Darüber hinaus ist darauf hinzuweisen, dass es auch bei der Skizzierung von Ich- und Selbst-Konzepten teilweise zu Überlappungen kommen wird. Wenn nämlich ichstrukturelle Defizite vorliegen, ist nicht nur das Selbst beschädigt, sondern häufig sogar der Aufbau eines gesunden Ich blockiert.
Die psychischen Strukturen, aus denen heraus unser Erleben und Handeln Kontinuität und Richtung gewinnt, werden im Zusammenspiel von Reifung und Beziehungserfahrungen von frühester Kindheit an allmählich entwickelt. Das ganzheitliche Selbsterleben, das sich von äußeren Objekten unterscheiden kann, bildet das Gefühl heraus, eine Identität zu haben. Sie befähigt den Menschen zu kommunizieren, autonom zu handeln, sich abzugrenzen, sich zu binden und wieder zu lösen. Ich-Strukturen sind, ganz allgemein gesprochen, zuständig für Prozesse des Differenzierens, Regulierens und Integrierens. Während also das Selbst das bewusste und unbewusste Gesamterleben einer Person in der Welt charakterisiert, fungiert das Ich mit seinen Funktionen als Manager, der die Abläufe organisiert. Da das hier kurz skizzierte Selbst-Konzept noch unvollständig ist, wird später gesondert darauf einzugehen sein.
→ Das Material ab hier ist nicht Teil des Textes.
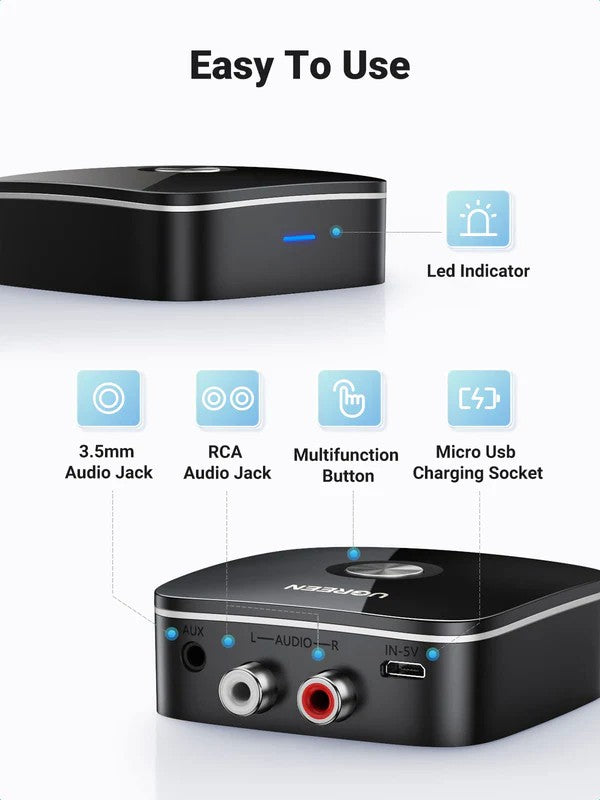 Bluetooth adapteris imtuvas Ugreen CM123 2xRCA/AUX Bluetooth 5.0 juodas (30445)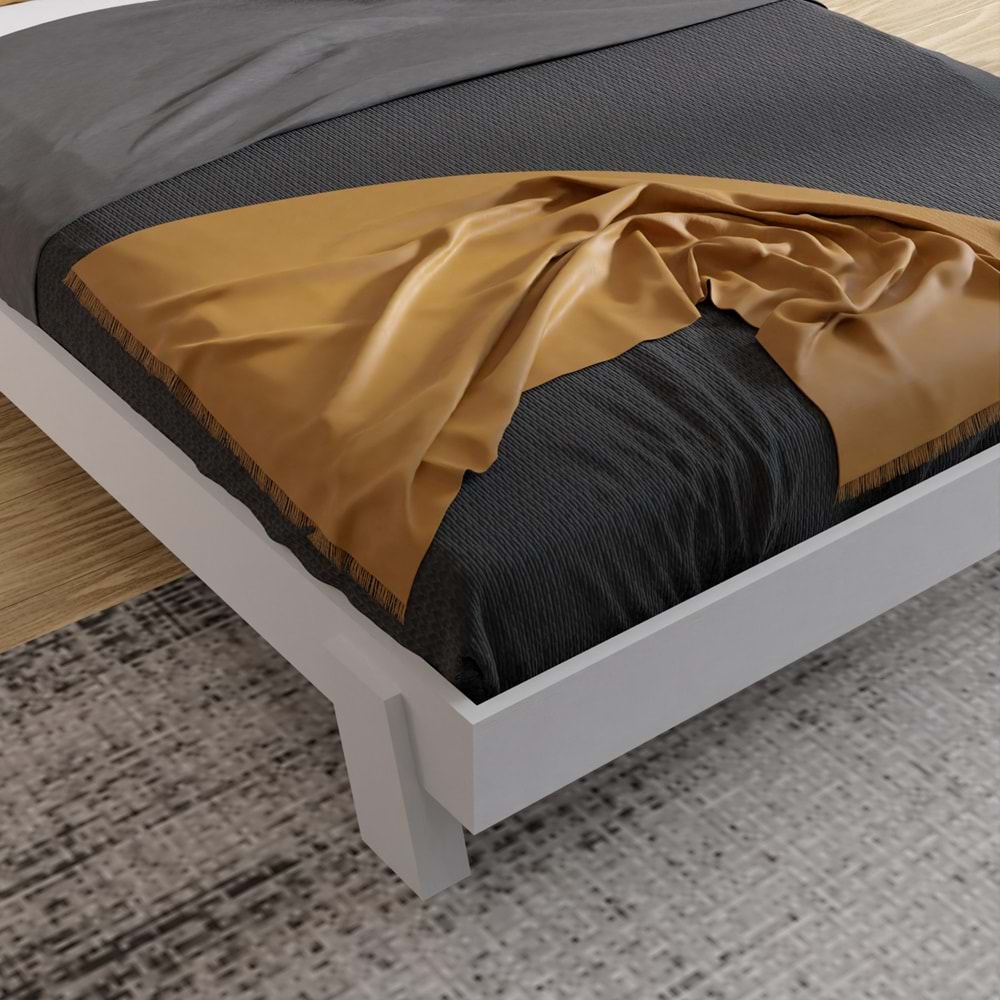 Ebruli Model Beyaz Renk Çam Ahşap Karyola Ve İki Komodin Set ( YTY )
Auf dem Hintergrund meiner eigenen beruflichen Perspektive ist es mir immer wichtiger geworden, die feinen Linien der seelischen und geistigen Prozesse nachzuzeichnen, zu verbinden und in einem Gesamtkontext der psychospirituellen Entwicklung zu sehen. Auch wenn Psychotherapie, deren Ausgangspunkt psychische Leiden sind, und Spiritualität unterschiedliche Zugänge haben, so werden doch ähnliche Ziele angesteuert: Befreiung von Leid, Lösung innerer Blockaden und Selbstverwirklichung. Beide Richtungen streben ein sinnvolleres und wesentlicheres Leben an. Aber auch Glück, Zufriedenheit und innere Sicherheit sollen erfahrbar werden.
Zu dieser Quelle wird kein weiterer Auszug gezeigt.